*** Block opens ***

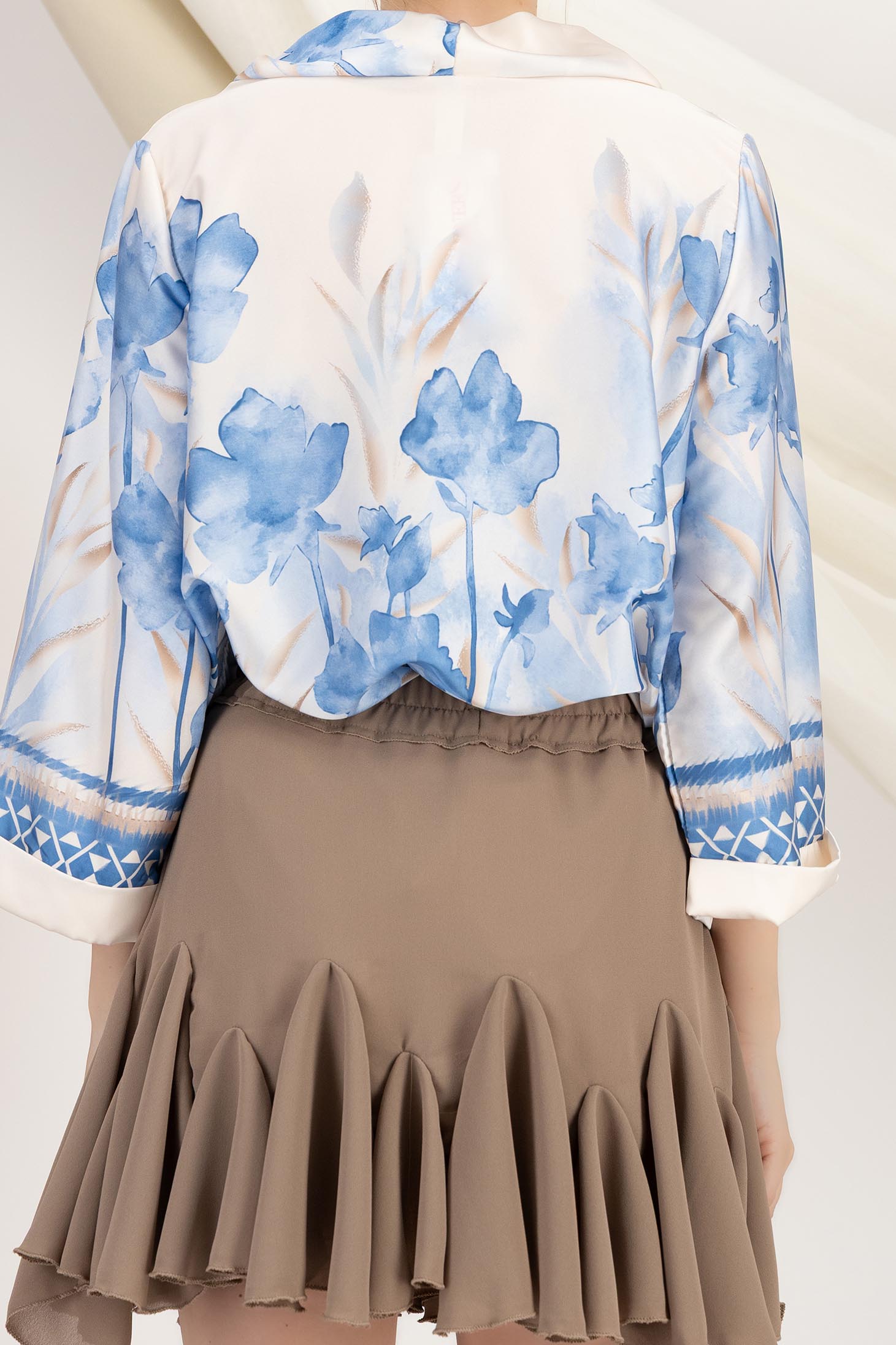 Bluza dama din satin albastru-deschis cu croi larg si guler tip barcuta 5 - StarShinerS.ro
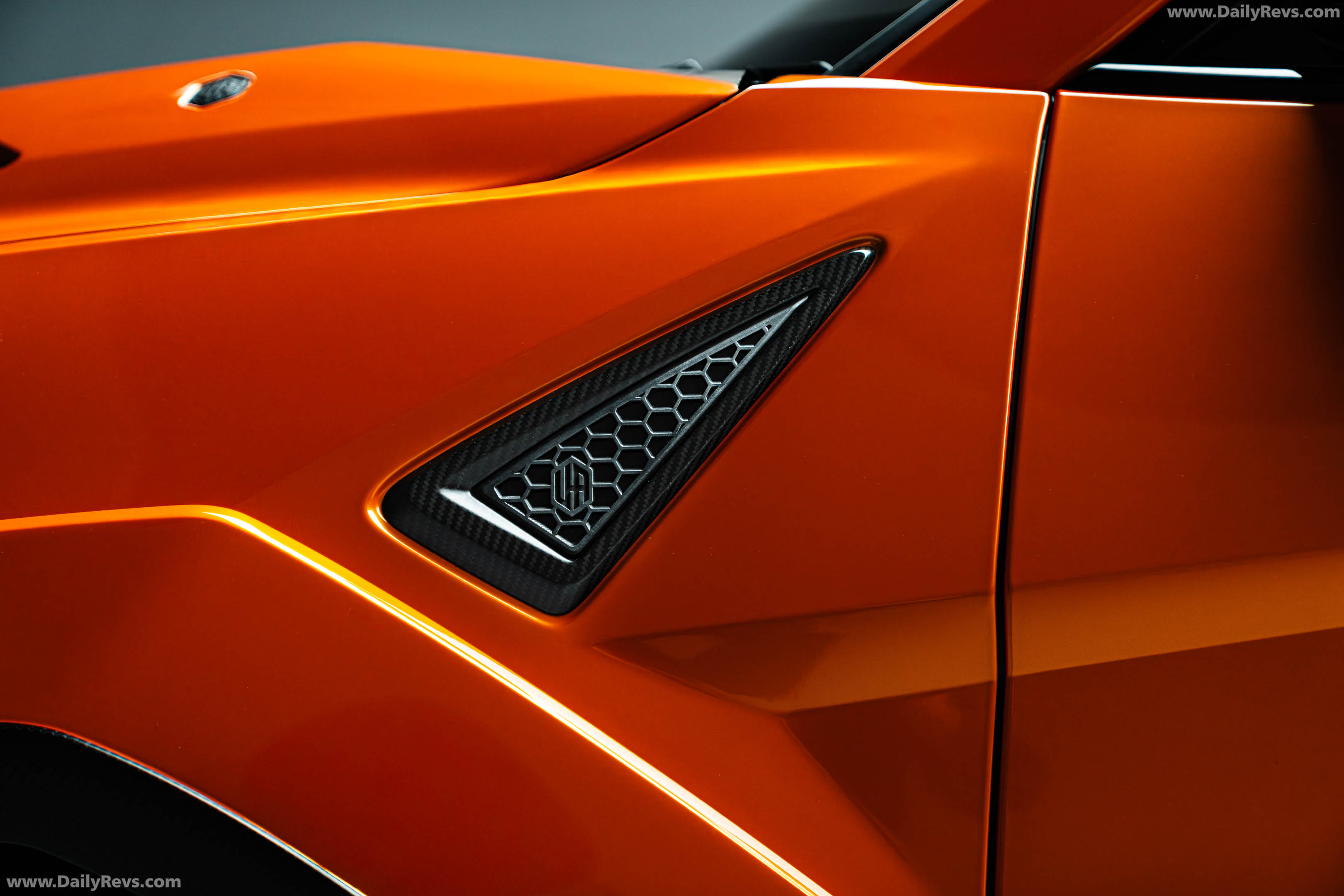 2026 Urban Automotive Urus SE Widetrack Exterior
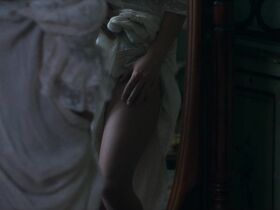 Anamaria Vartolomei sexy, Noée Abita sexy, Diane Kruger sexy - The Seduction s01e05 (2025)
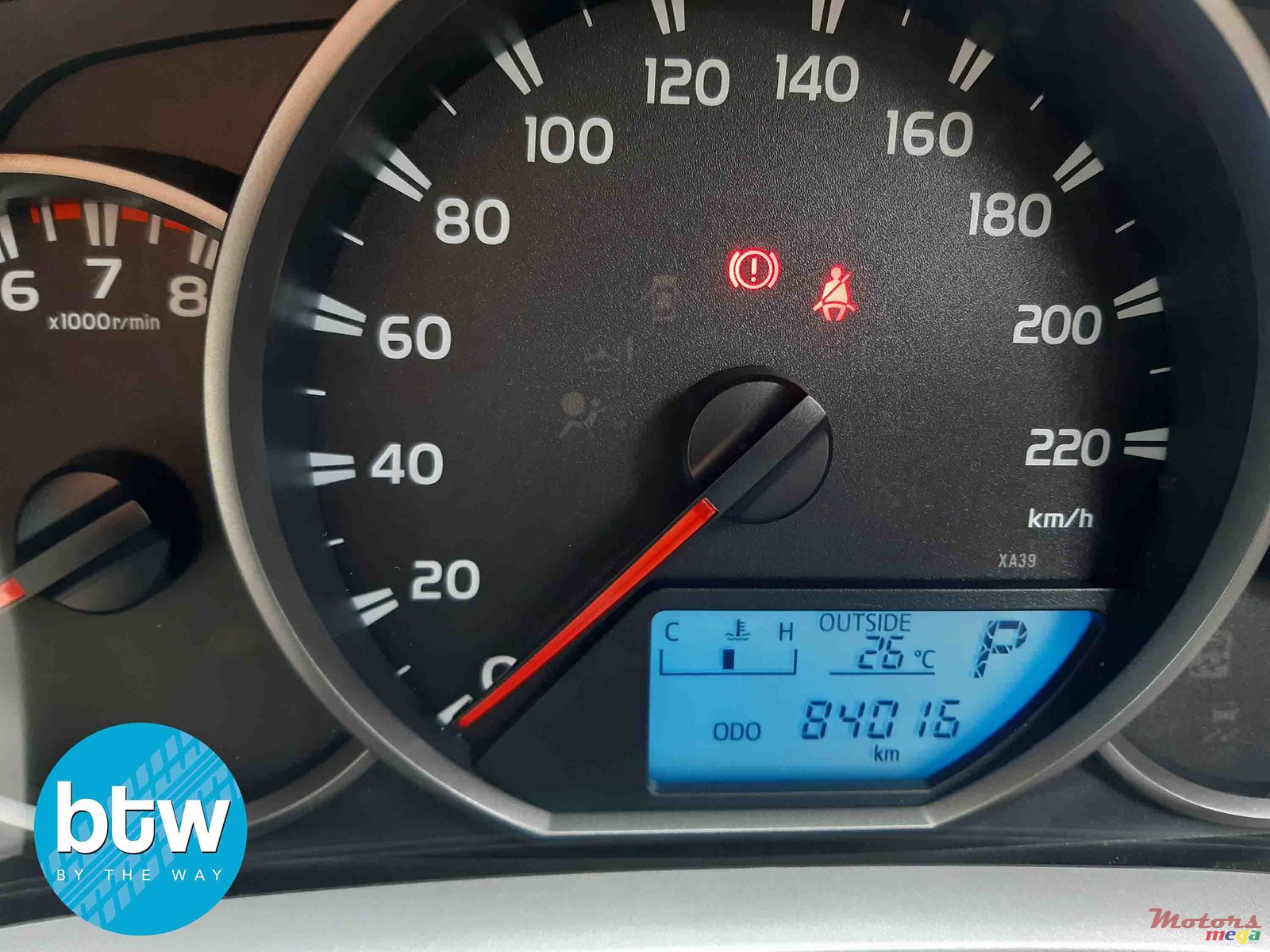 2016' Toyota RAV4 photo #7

*** Block closes ***

Requirement — Copy exactly, and only, the lines running from the one containing "Anamaria Vartolomei sexy, Noée" through the final line of the data, and omit the pictures.

Task solution —
 Anamaria Vartolomei sexy, Noée Abita sexy, Diane Kruger sexy - The Seduction s01e05 (2025)
 2016' Toyota RAV4 photo #7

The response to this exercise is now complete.